What you will do |
Pictures aside, the output must consist of the lines from the one containing "Satranç Desenli, Chess" through the end of the data, reproduced exactly.

Given data |
• • • • •

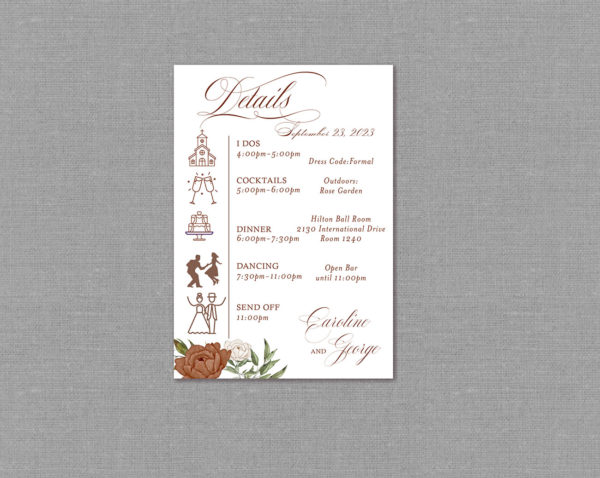 Terracotta Boho Wedding Detail Card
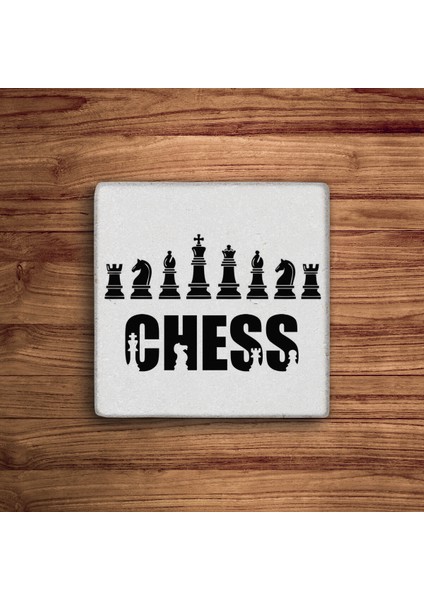 Satranç Desenli, Chess Pattern Doğal Taş Traverten Bardak Altlığı 4 Lü Set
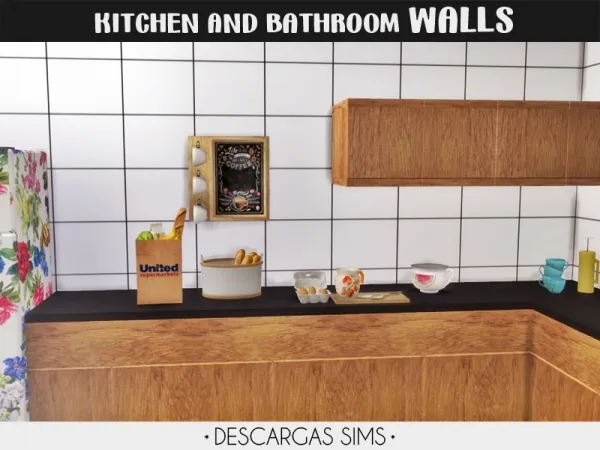 Alpha Kitchen And Bathroom WALLS - The Sims 4 Custom Content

• • • • •

Your solution |
 Satranç Desenli, Chess Pattern Doğal Taş Traverten Bardak Altlığı 4 Lü Set
 Alpha Kitchen And Bathroom WALLS - The Sims 4 Custom Content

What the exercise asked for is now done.